Qu’est-ce que la conscience ?
Il ne s’agit pas là des seules difficultés auxquelles la science fait face. Dans le domaine des neurosciences, la question de la conscience elle aussi reste une énigme pleine et entière. Pour le courant de pensée dominant, la façon dont la conscience « émergerait » de l’activité du cerveau est irrésolue. C’est ce que le philosophe David Chalmers a appelé le « problème difficile » de la conscience. Mais penser que la conscience émerge de l’activité cérébrale est en soi un biais considérable, car bien des données incitent à penser que le cerveau agirait bien plus probablement comme le filtre ou la valve de réduction d’un vaste champ de conscience afin de nous permettre de faire l’expérience de la réalité matérielle. Les vécus de « conscience étendue » de multiples natures, du voyage chamanique aux perceptions extrasensorielles, en sont des illustrations. L’épistémologue et physicien Michel Bitbol a lui aussi montré dans un ouvrage récent et magistral (La conscience a-t-elle une origine ?) que le problème de la conscience se heurte à un mur d’incomplétude. Pour comprendre la conscience, nous n’avons en effet qu’un seul outil qui est la conscience elle-même. Toute notre expérience du monde se rapporte en effet à la conscience et comment celle-ci pourrait-elle prétendre se saisir pleinement d’elle-même ? Dans la quête d’une compréhension complète de la conscience, un incontournable « point aveugle » se dresse sur la route. Seule une méta ou supra-conscience peut comprendre la conscience. A peine pouvons-nous comprendre la conscience « ordinaire » à partir de ses états extraordinaires : états modifiés de conscience, états de conscience minimale, locked-in syndrom, etc. mais quant à comprendre la totalité de ces états et obtenir une image globale de ce qu’est la conscience, nous en sommes très loin.

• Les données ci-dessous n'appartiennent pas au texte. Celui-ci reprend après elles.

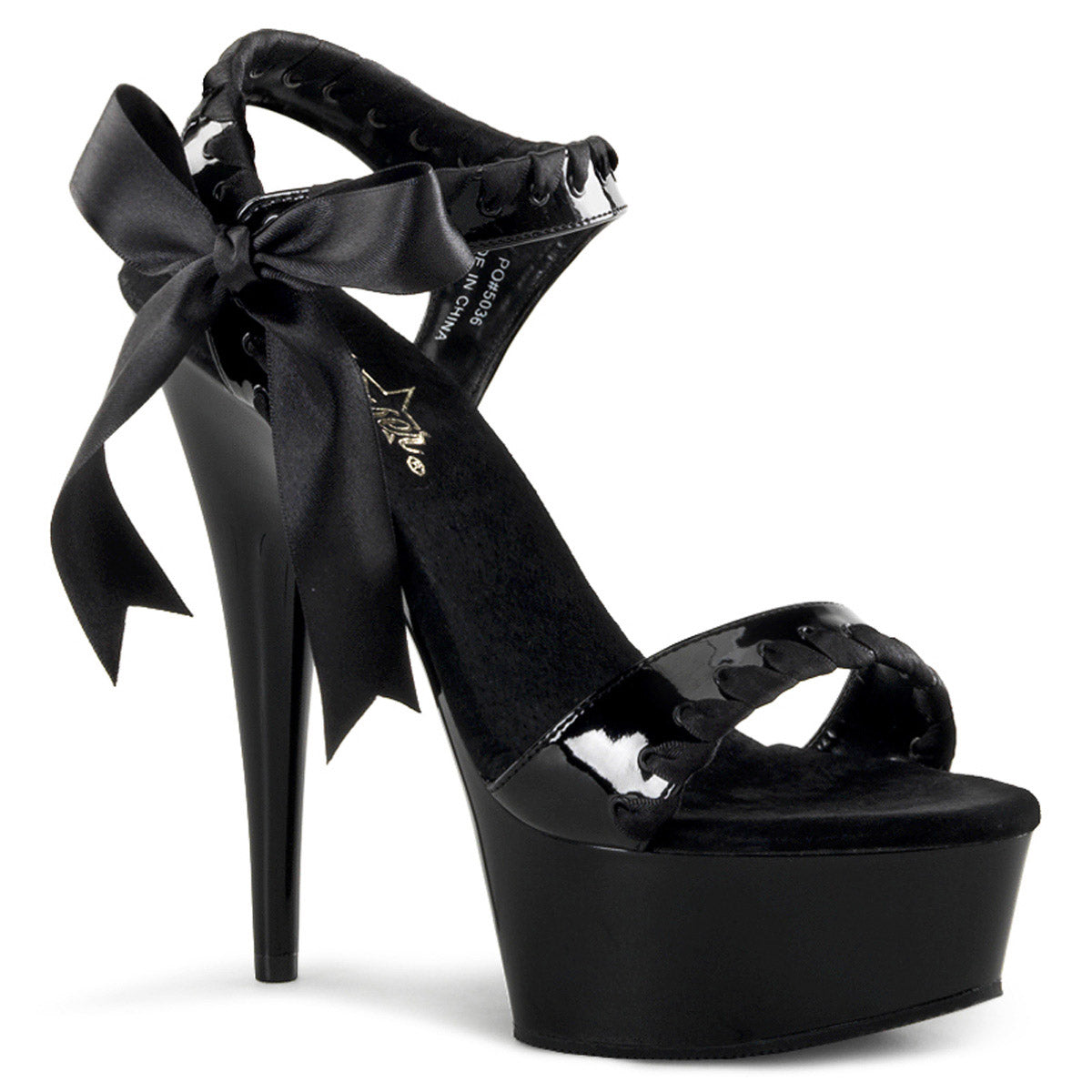 Sexy Satin Lace Strapped Platform Stiletto Sandals High Heels Shoes Pleaser Pleaser DELIGHT/615 Main image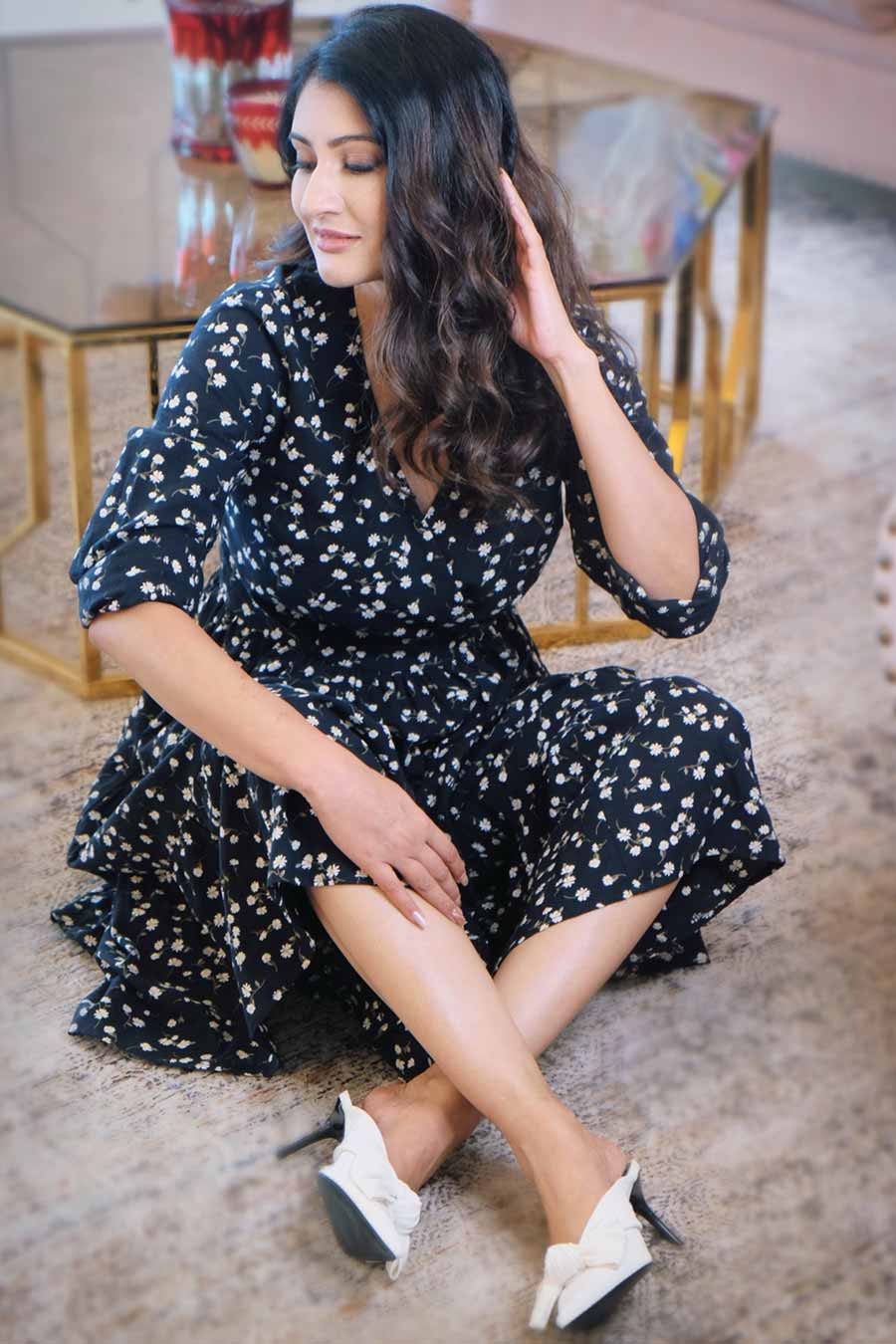 Black Printed Maxi Dress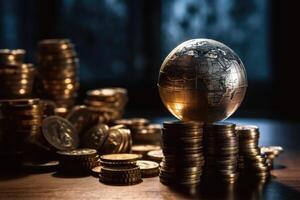 Globe and stack with coins. Money makes the world go round. photo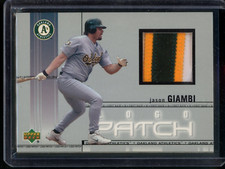 2001 UPPER DECK JASON GIAMBI GAME WORN LOGO PATCH RELIC OAKLAND ATHLETICS
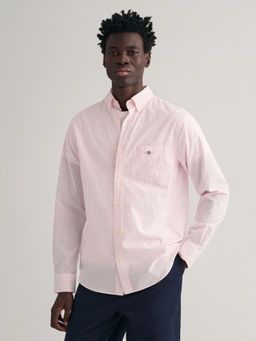 GANT - Men Pink Checked Button-down Collar Full Sleeves Shirt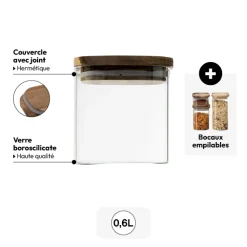 Bocal verre couvercle acacia 0,6L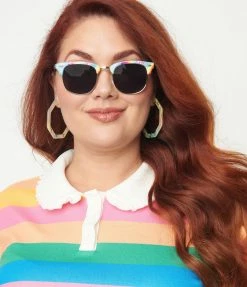 Lucent Product Inc. Rainbow Tie Dye Top Frame Sunglasses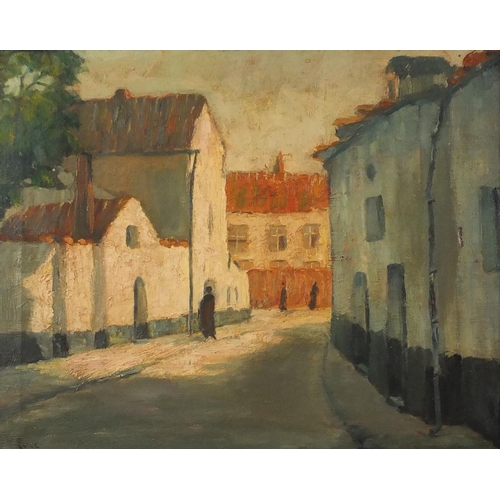 2167 - Continental street scene with a figure, oil on canvas, bearing a signature Luce, mounted and framed,... 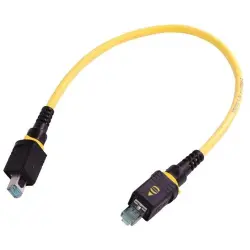 Patch cable, RJ45 plug, straight to RJ45 plug, straight, Cat 6A, PVC, 1 m, yellow, 09482828757010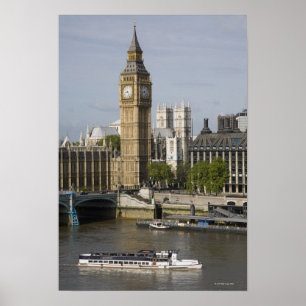 Big Ben och Thames River Poster
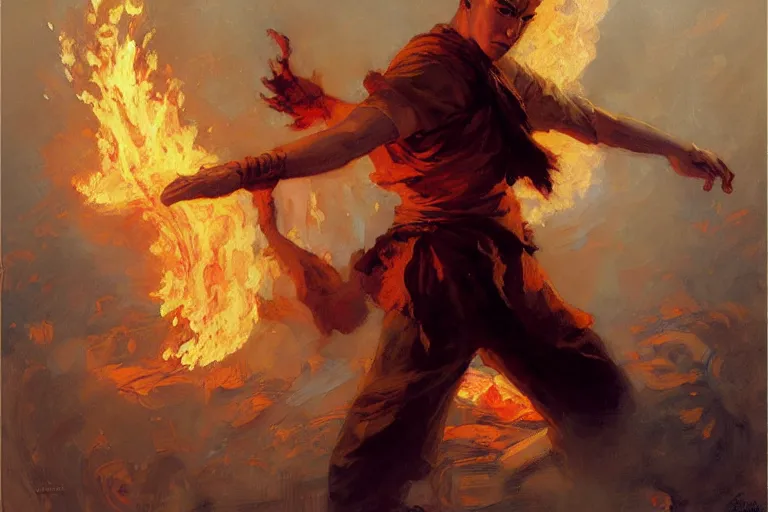 Image similar to fire bender, painting by gaston bussiere, craig mullins, j. c. leyendecker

En amont, ou en-deçà, de la conscience réflexive, celle par laquelle nous pensons et savons que nous existons, se trouve la conscience primale, fondamentale, qui est simplement la conscience d’être, explique Michel Bitbol. De façon tout à fait intéressante, cette réflexion philosophique qui emprunte à la phénoménologie rejoint les conceptions orientales de la conscience, celles qui viennent de l’hindouisme, du bouddhisme et d’autres traditions spirituelles. On y parle de « conscience pure », de « claire lumière », d’états d’être sans forme ni pensée. Cette simple conscience d’être est également mise en avant par des enseignants contemporains tels qu’Eckart Tolle ou Jeff Foster qui nous appellent seulement à être présents, dans l’instant, sans jugement ni projection d’aucune sorte. Parvenir à vivre ainsi correspond à ce que les traditions nomment l’éveil.